Passa qualche mese. Siamo al 29 giugno dell’anno scorso, a Viareggio. L’editore Gian Luca Muglia, nella ricorrenza della strage alla stazione ferroviaria, fa tardi a lavoro e decide di non andare al corteo di commemorazione, ma direttamente a casa a seguire la diretta su un canale locale. Durante gli spot pubblicitari, fa zapping. Su Italia 1, Marco Berry presenta la trasmissione “Invincibili”. Muglia sceglie di seguire la puntata. Dopo alcuni minuti, è in programma un’intervista ad Abdul Jeelani e Simone Santi. L’editore si appassiona alla vicenda: «Mentre finisco di guardare la trasmissione, ormai in preda a un’emozione forte, comincio a fare castelli di sabbia, vorrei pubblicare un libro su Abdul e la sua storia». La mattina successiva cerca Simone Santi su Facebook: dopo pochi minuti, viene stabilito il contatto. Incoraggiato dalla disponibilità, Muglia gli scrive per spiegare la sua volontà di pubblicare un libro su Abdul. Che è stato stampato a novembre.

Intanto, prima del ritorno di Jeelani in Italia, per le ragazze mozambicane coinvolte nel progetto “Colors” era già successo un piccolo miracolo: Simone Santi le aveva presentate a Clarisse Machanguana, la più famosa giocatrice di basket del Mozambico che, dopo campionati giocati in Portogallo, Spagna, Francia e persino nella NBA femminile americana, si era trasferita in Italia. Le ragazze erano rimaste colpite soprattutto da una sua frase: «Ricordate che nella vita incontrerete molte persone. Non guardate come sono vestite o qual è il loro aspetto. Non fermatevi a questo. Uno di loro potrebbe essere un angelo, che vi apre una porta per la vostra vita».

A Regina, una delle ragazzine “Colors”, la frase di Clarisse tornava spesso in mente. Un giorno, poi, durante l’allenamento percepì più di altre volte l’attenzione del coach nei suoi confronti. Alla fine, mentre le altre compagne andavano sotto la doccia, l’allenatore decise che era giunto il momento di parlarle: «Ti ricordi di Clarisse? Ha ricevuto l’incarico da Università e club della WNBA di selezionare giovani giocatrici africane meritevoli di ricevere borse di studio per giocare in America». Clarisse Machanguana ne aveva parlato con Simone Santi e lui, a sua volta, con il coach. Tutti avevano convenuto sull’opportunità di proporre a Regina questo stage sportivo negli Stati Uniti.

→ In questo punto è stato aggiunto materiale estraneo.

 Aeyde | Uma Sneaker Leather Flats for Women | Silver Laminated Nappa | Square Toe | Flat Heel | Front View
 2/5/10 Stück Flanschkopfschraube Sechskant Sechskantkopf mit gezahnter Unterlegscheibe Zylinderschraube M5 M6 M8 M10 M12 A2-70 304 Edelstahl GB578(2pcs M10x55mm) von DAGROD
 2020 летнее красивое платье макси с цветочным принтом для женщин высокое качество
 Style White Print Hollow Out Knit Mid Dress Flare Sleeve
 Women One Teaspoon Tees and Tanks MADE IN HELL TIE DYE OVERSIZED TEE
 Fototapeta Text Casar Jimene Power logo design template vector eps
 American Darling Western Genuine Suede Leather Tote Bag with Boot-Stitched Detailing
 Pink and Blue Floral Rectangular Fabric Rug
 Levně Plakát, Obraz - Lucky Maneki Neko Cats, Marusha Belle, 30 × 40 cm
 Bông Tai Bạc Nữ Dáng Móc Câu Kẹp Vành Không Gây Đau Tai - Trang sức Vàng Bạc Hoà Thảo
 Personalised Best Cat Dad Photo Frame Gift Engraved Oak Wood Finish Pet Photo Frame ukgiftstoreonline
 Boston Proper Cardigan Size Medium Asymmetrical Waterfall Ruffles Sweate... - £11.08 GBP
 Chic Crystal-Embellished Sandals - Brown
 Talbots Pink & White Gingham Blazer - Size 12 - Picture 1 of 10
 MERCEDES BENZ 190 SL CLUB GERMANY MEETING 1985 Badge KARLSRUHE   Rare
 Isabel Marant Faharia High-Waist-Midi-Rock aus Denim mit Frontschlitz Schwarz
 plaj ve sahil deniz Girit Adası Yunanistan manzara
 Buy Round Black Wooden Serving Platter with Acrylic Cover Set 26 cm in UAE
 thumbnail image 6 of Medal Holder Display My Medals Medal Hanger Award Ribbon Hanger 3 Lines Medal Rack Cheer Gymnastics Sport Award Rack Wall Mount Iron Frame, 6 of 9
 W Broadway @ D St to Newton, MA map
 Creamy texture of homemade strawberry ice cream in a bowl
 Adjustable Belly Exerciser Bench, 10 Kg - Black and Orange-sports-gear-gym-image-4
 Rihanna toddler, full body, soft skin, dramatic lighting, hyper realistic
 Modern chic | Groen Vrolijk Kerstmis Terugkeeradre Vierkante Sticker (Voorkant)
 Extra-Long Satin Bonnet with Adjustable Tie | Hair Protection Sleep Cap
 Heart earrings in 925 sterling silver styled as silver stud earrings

Ma prima bisognava prepararsi molto bene. E il tutor di Regina per aprirle le porte dell’America arrivava a Maputo dall’Italia: Abdul Jeelani. La presenza del campione ritrovato non ha fatto bene soltanto a Regina, ma anche alle altre ragazze del centro sportivo. Tutta Maputo al corrente del sogno di una sua piccola figlia, un grande abbraccio popolare attorno alle ragazze. Il momento di partire, negli Stati Uniti cominciavano i provini. E poi quella sera, Abdul e Regina, a camminare per un po’ sul parquet del Madison Square Garden due ore prima della partita. E un tuffo al cuore a sentire l’eco del respiro in quel tempio dello sport.

«Guardo il tabellone, i secondi corrono, il difensore non è vicino, corre verso di me. E anche se il canestro sembra molto lontano, nelle mie mani, finalmente, c’è l’istante della felicità. E io lo so che oggi posso farlo». L’ha detto Regina, è tornato a dirlo Abdul Jeelani, lo diciamo tutti noi che, ogni giorno, possiamo essere degli angeli. E volare insieme.